Tatbestände im eigenen Staatsgebiet zu formen und zu regeln;

dies geschieht ohne Rücksicht auf die Staatsangehörigkeit

dessen, der den Tatbestand verwirklicht. Systemgerechter

Anknüpfungspunkt für die mitgliedschaftliche Einbeziehung

in nationale Sozialversicherungssysteme ist daher der

gewöhnliche Aufenthalt einer Person im jeweiligen Staatsgebiet

und nicht die Staatsangehörigkeit. Soweit ersichtlich hat sich

dieses System in allen nationalen Sozialversicherungssystemen

durchgesetzt.
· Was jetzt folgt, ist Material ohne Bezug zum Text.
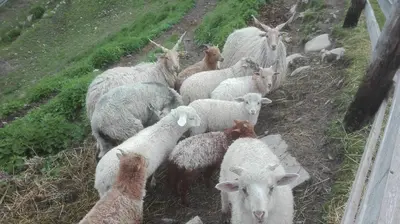 a herd of sheep standing on a dirt road at Arche Hof Bichler in Gais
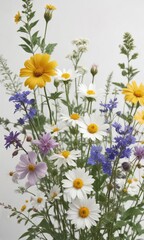 Obraz premium Delicate wildflower arrangement on a white backdrop, isolated, nature, floral, white background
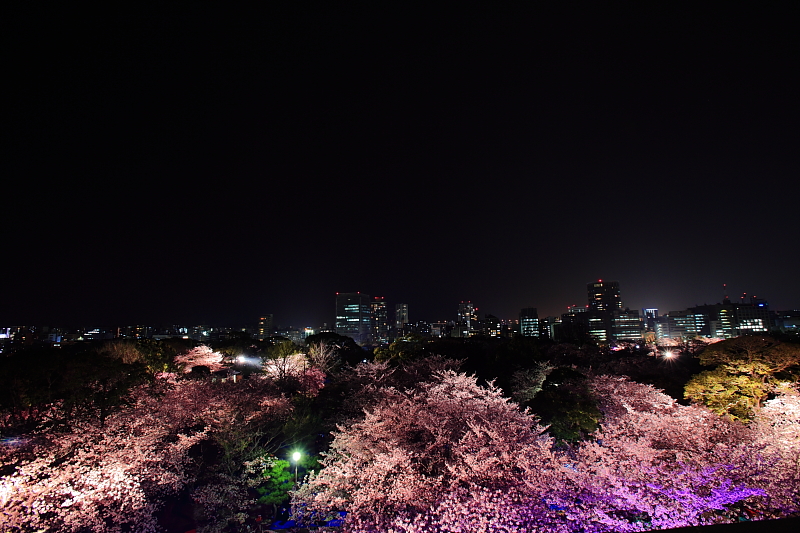  福岡城さくらまつり　Light Up_e0184970_1757879.jpg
Davon kennt das deutsche Sozialversicherungsrecht

Ausnahmen (vgl. §§ 4, 5 SGB IV), die aber im vorliegenden

Fall nicht einschlägig sind.

2. An diesem historisch gewachsenen Schutzbereich

der Sozialversicherung und insbesondere der gesetzlichen

Rentenversicherung hat sich der Gesetzgeber bei der territorialen

Begrenzung der Anrechnung von Kindererziehungszeiten in

sachgerechter Weise orientiert. Nur wer sich danach noch im

sozialen Verantwortungsbereich der Bundesrepublik Deutschland

aufhält, soll auch im Falle der Kindererziehung rentenwirksam

abgesichert werden.

Wer sich dagegen, wie die Beschwerdeführerin es

getan hat, in ein ausländisches Rechts-, Wirtschafts- und

Sozialsystem integriert, befindet sich für die Dauer dieser

Integration nicht mehr im Verantwortungsbereich der bundesdeutschen

Rentenversicherung. Er partizipiert vielmehr regelmäßig

an den dort im Falle der Kindererziehung gewährten

Sozialleistungen. Bereits die Vermeidung des Bezugs von

Doppelleistungen rechtfertigt daher den Staatsgebietsbezug bei der

Anerkennung von Kindererziehungszeiten.

Von einer weiteren Begründung wird nach § 93 d Abs. 1 Satz 3 BVerfGG abgesehen.

Diese Entscheidung ist unanfechtbar.